▶ _Task objective_
The output is the lines below from the one with "تعديل أحكام قانون" through the one with "ゲゲゲの鬼太郎死神大戦記 下 水木しげる", both included, printed exactly and with no other line.

▶ _Provided information_
▼▼▼
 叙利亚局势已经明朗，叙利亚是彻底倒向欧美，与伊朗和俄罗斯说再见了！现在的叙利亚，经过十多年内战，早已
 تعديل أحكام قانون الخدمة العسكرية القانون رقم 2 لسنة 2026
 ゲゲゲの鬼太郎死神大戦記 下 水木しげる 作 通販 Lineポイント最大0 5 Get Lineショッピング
▲▲▲
▼▼▼
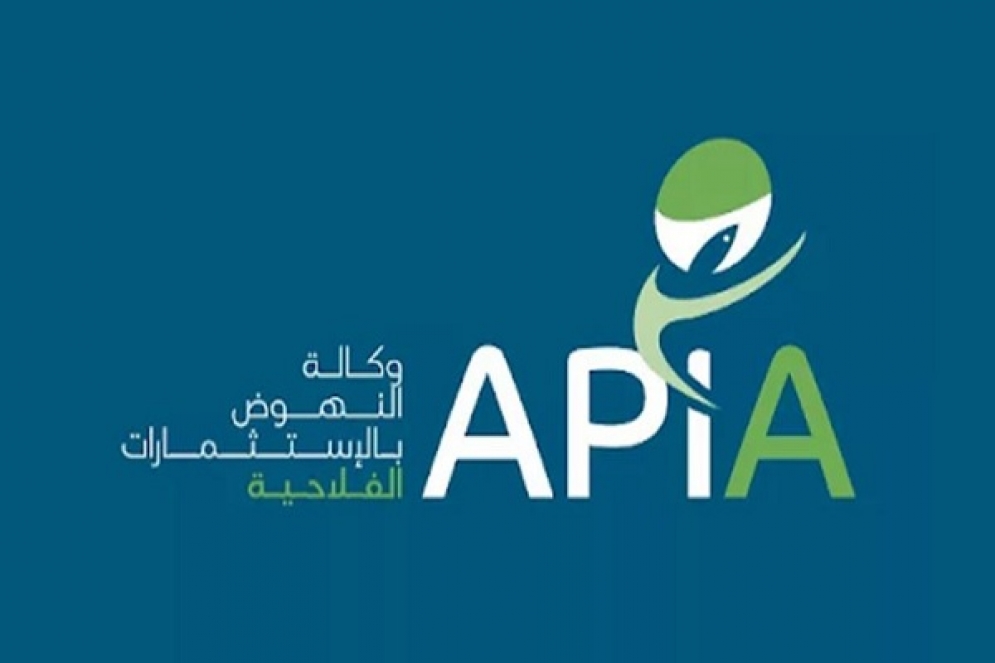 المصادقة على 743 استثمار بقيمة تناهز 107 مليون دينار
▲▲▲
▼▼▼
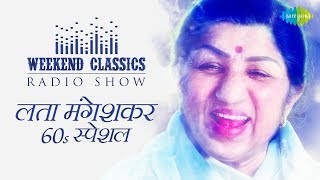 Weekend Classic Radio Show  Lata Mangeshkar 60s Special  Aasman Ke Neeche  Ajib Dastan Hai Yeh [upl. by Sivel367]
▲▲▲
▶ _Problem solution_
 تعديل أحكام قانون الخدمة العسكرية القانون رقم 2 لسنة 2026
 ゲゲゲの鬼太郎死神大戦記 下 水木しげる 作 通販 Lineポイント最大0 5 Get Lineショッピング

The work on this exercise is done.